Cllr Dudley attempted to impose a regeneration plan on the borough that placed balancing the books (albeit with faulty assumptions) over other considerations.
His plan failed to meet the standards of scrutiny and other councillors are now left to start afresh.
Cllr Dudley kept Lowbrook Academy, the fourth best primary school in England, from being able to give more children the best possible start in their educational and career lives with a truly world-class education.
The last election saw Cllr Dudley's majority all but erased, and now councillors – within his party and without – can look ahead to clean the mess and truly build a borough that will truly be an exciting place in which to live and work.
TONY PERRY
Purssell Close
Maidenhead
A ‘fond’ farewell to council leader
Simon Dudley has messed up our town centre, and now he is leaving.
JON FOSTER
Fotherby Court
Maidenhead
Education needed to stop people littering
Good on you Phil! (Viewpoint, September 19).
I have passed you several times and you often pass my place with your bag and litter picker, amazing the number of bags of rubbish you have collected.

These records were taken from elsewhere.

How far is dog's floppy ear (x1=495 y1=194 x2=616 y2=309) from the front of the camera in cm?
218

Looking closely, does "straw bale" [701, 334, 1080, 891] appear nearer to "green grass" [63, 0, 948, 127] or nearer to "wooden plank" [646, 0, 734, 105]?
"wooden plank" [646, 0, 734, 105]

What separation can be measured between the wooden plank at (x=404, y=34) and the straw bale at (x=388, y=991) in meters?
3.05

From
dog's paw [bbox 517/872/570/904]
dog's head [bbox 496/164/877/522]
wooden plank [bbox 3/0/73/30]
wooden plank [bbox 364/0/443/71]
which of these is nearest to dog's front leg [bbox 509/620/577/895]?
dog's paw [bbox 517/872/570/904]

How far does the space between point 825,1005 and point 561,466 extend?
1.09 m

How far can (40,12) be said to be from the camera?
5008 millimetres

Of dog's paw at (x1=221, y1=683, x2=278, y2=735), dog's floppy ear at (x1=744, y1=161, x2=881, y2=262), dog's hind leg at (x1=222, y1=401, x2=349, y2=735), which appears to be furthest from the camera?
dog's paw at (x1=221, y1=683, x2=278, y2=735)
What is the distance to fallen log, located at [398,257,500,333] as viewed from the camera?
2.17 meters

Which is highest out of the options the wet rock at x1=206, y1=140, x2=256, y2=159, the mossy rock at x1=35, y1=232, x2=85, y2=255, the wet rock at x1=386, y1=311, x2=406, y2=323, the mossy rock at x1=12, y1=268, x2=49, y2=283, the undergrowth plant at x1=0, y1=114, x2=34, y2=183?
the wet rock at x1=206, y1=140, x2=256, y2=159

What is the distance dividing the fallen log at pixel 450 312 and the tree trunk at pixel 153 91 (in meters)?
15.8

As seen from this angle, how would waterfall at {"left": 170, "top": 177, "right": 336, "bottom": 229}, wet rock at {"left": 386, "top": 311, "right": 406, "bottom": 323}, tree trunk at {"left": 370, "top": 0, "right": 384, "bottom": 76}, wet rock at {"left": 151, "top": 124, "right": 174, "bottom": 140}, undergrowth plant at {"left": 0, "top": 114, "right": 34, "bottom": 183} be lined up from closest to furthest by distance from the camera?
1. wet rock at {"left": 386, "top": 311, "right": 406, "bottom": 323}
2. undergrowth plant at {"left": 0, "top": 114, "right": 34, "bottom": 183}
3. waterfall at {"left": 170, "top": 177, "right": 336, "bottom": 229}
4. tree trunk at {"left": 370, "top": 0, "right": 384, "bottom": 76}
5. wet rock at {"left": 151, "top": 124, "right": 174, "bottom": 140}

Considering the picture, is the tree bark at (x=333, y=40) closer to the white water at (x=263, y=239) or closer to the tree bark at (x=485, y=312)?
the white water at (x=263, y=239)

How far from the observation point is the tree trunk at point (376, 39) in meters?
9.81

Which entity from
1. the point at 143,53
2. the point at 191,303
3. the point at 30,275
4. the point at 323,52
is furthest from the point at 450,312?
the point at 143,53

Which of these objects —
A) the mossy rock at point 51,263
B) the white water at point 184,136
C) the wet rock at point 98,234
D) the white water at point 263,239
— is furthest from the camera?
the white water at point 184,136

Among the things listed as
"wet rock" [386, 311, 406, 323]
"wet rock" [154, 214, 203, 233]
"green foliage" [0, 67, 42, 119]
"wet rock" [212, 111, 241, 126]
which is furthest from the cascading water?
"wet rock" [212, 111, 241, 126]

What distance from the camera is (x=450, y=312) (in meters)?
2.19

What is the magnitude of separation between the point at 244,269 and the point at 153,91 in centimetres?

It was ironic that Phil Avery's letter appeared after my previous letter highlighting a discarded coffee cup in a recent Advertiser picture.
I regularly clear a local park and in the four or five bags of rubbish contain the same brand of discarded vodka bottles, fast food containers and carbonated drinks bottles.

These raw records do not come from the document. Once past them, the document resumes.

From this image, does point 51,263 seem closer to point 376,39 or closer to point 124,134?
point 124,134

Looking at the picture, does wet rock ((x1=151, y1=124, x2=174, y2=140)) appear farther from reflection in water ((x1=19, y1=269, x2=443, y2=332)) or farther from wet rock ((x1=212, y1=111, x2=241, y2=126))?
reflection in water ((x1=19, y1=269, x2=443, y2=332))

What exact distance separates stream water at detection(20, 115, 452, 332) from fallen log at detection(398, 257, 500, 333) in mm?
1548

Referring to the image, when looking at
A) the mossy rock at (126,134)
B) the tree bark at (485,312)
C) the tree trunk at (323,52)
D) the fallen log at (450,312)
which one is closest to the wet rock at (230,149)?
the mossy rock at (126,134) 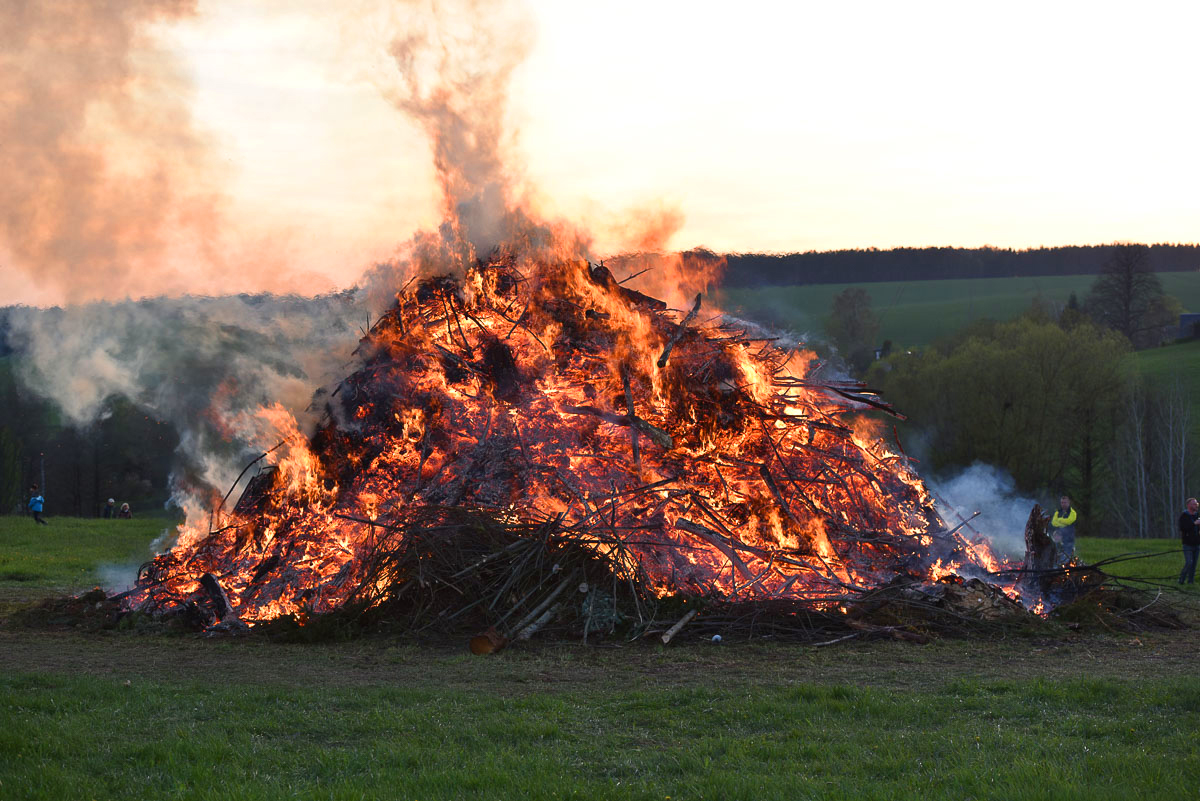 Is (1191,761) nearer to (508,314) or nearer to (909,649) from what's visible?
(909,649)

I don't know what the answer is, but education is probably one way to tackle the huge amount of waste. But it is encouraging to see youngsters going out of their way to put their rubbish in bins.
MERVYN BUSTON
East Road
Maidenhead
Heathrow ‘target’ impossible to enforce
It is no surprise that Heathrow’s Rob Gray once again smokescreens the real issues (Viewpoint, September 19).
I refute his claim that I failed to recognise their commitments regarding transport and air quality around the airport.
He says that the expansion project will only be permitted if it can be delivered within strict and legally binding environmental targets – but he does not say that Heathrow’s carefully chosen word ‘target’ relates to an unenforceable aspiration which is entirely different to ‘enforcement’.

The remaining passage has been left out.